Sometimes we shake our heads and wonder how humans could ever be so blindly destructive - of this planet and of each other. And other times we shake our heads in just the same way, and wonder at the truly extraordinary things we accomplish.

Early this morning, somewhere in the middle of a muddy Utah desert, a container from the Stardust explorer touched down and delivered its cargo of comet and star dust. This treasure trove of scientific data represents mission accomplished for the $212 million Stardust mission.
How did NASA spend that $212 million?
After its launching in 1999, the Stardust circled the Sun three times and even flew by the Earth in 2001 for a gravity boost to rendezvous with the comet Wild 2 near Jupiter. The spacecraft came within 149 miles of the comet on Jan. 2, 2004, deploying shields to protect itself from cometary dust while extending a collector filled with a material called aerogel. This low-density silicon material, called "glass smoke" because it is composed of 99.8 percent air, gently slowed and trapped particles without significantly altering or damaging them.

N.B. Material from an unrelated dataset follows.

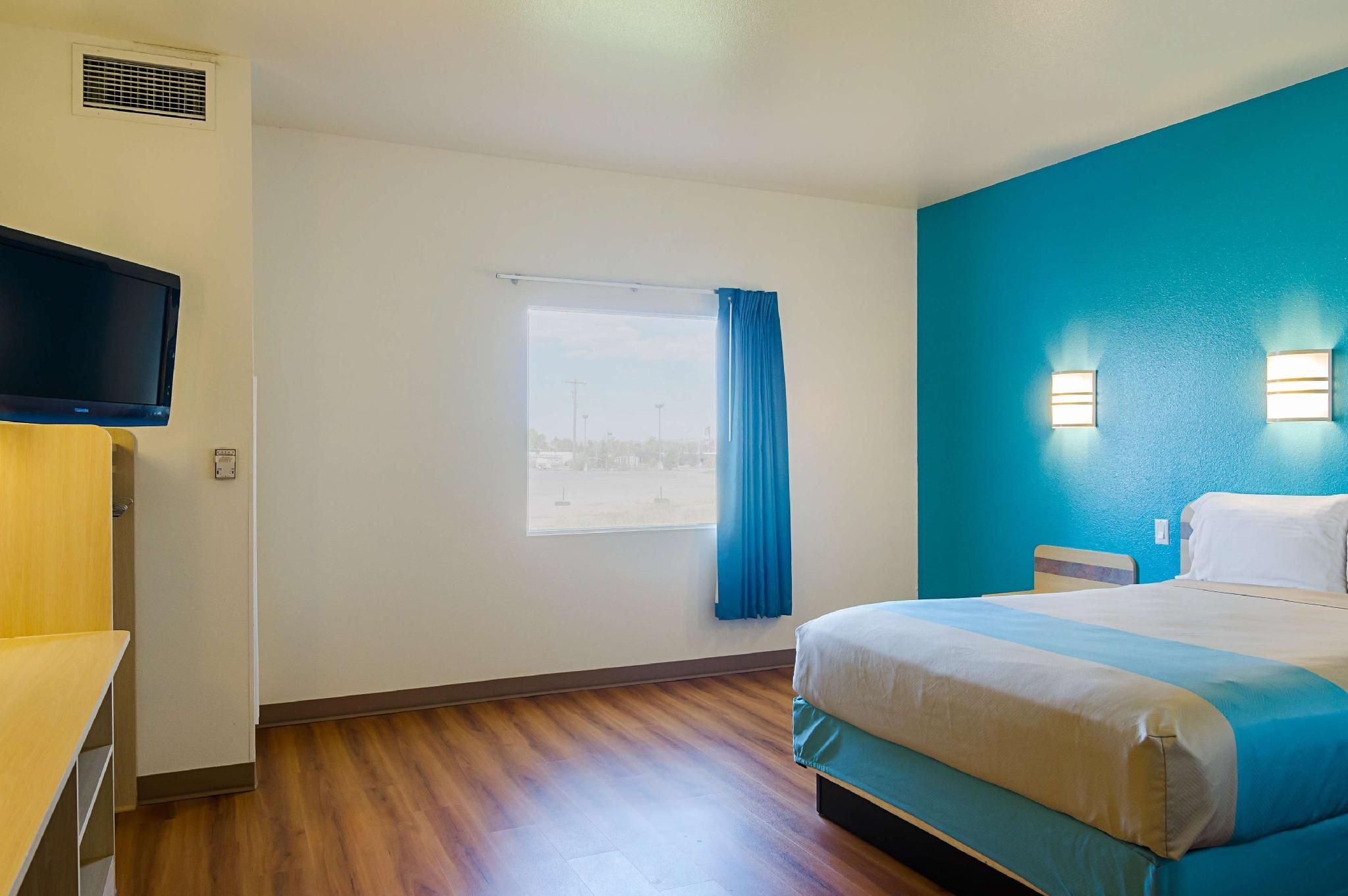 1 Queen Bed | Mobility Accessible Tub Nsmk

I confess that the process, even reading it a second time, inspires awe (no doubt in part because it's so far beyond my scope of technical understanding). In the blink of an evolutionary eye Homo sapiens has emerged from a small corner of Africa and left its fingerprints on this planet and this solar system in some truly incredible ways. The Stardust mission is only one gaudy example of the ingenuity and achievement of which we are capable.

In this space I spend more time than I would like bemoaning humanity's missteps, shaking my head in dismay. Every now and then it's nice to take a step back, look up at the sky, and shake your head in amazement.